====== GIVEN DATA
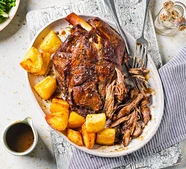 Slow cooker lamb shoulder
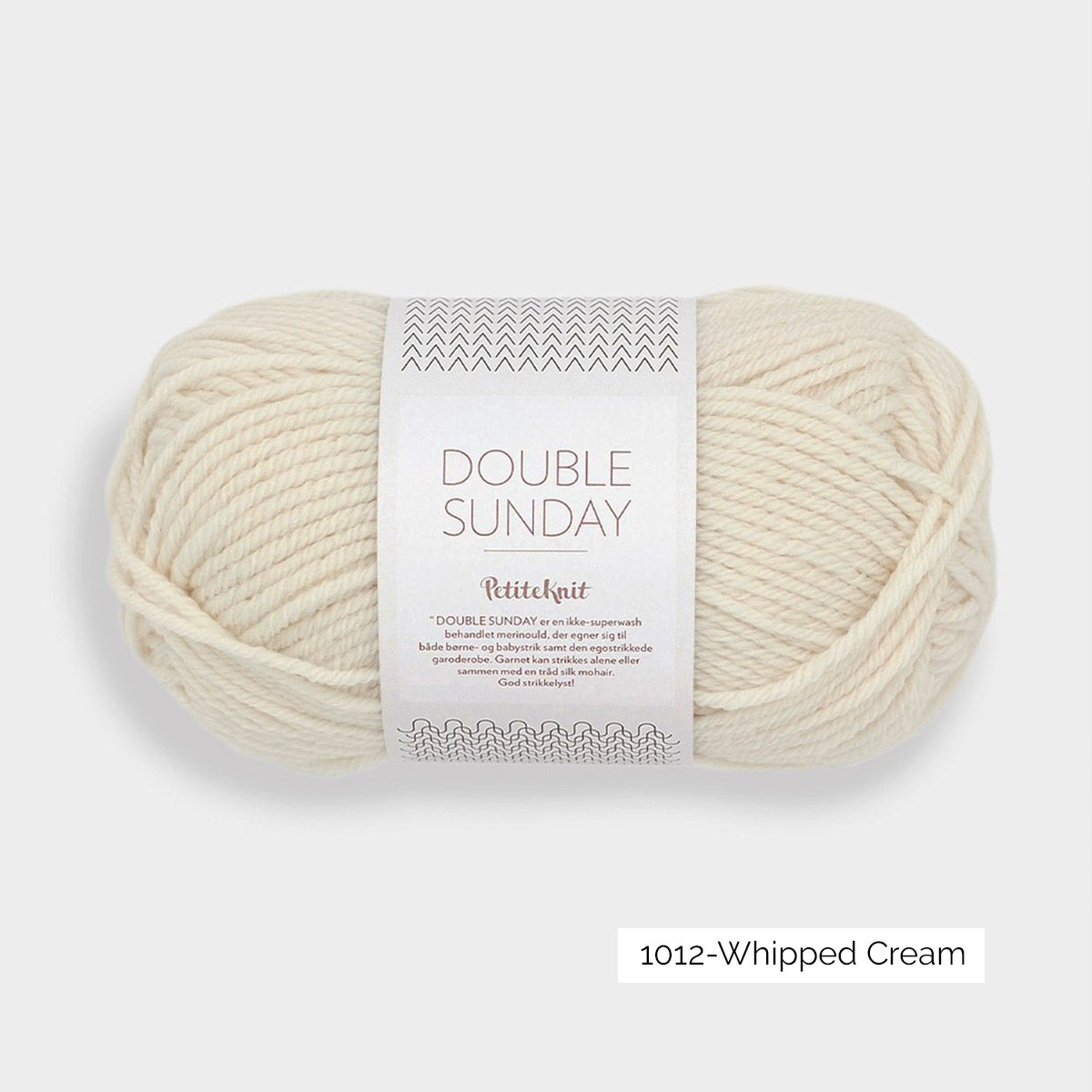 Pelote de Double Sunday de Sandnes Garn, collection Petite Knit, coloris 1012 Whipped Cream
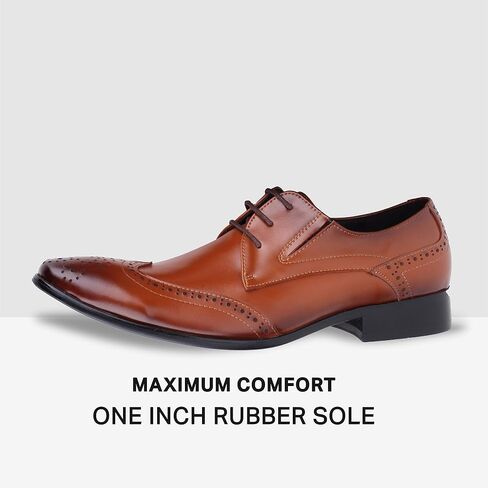 Mens Oxford Shoes Formal Leather Mens Dress Shoes - Men Wedding Shoes in A Bag in Saudi Arabia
============
**TASK DIRECTIONS:** A faithful copy is needed of the lines from the one containing "Pelote de Double" through the last line of the data above, with pictures left out.

**WRITTEN ANSWER:**
 Pelote de Double Sunday de Sandnes Garn, collection Petite Knit, coloris 1012 Whipped Cream
 Mens Oxford Shoes Formal Leather Mens Dress Shoes - Men Wedding Shoes in A Bag in Saudi Arabia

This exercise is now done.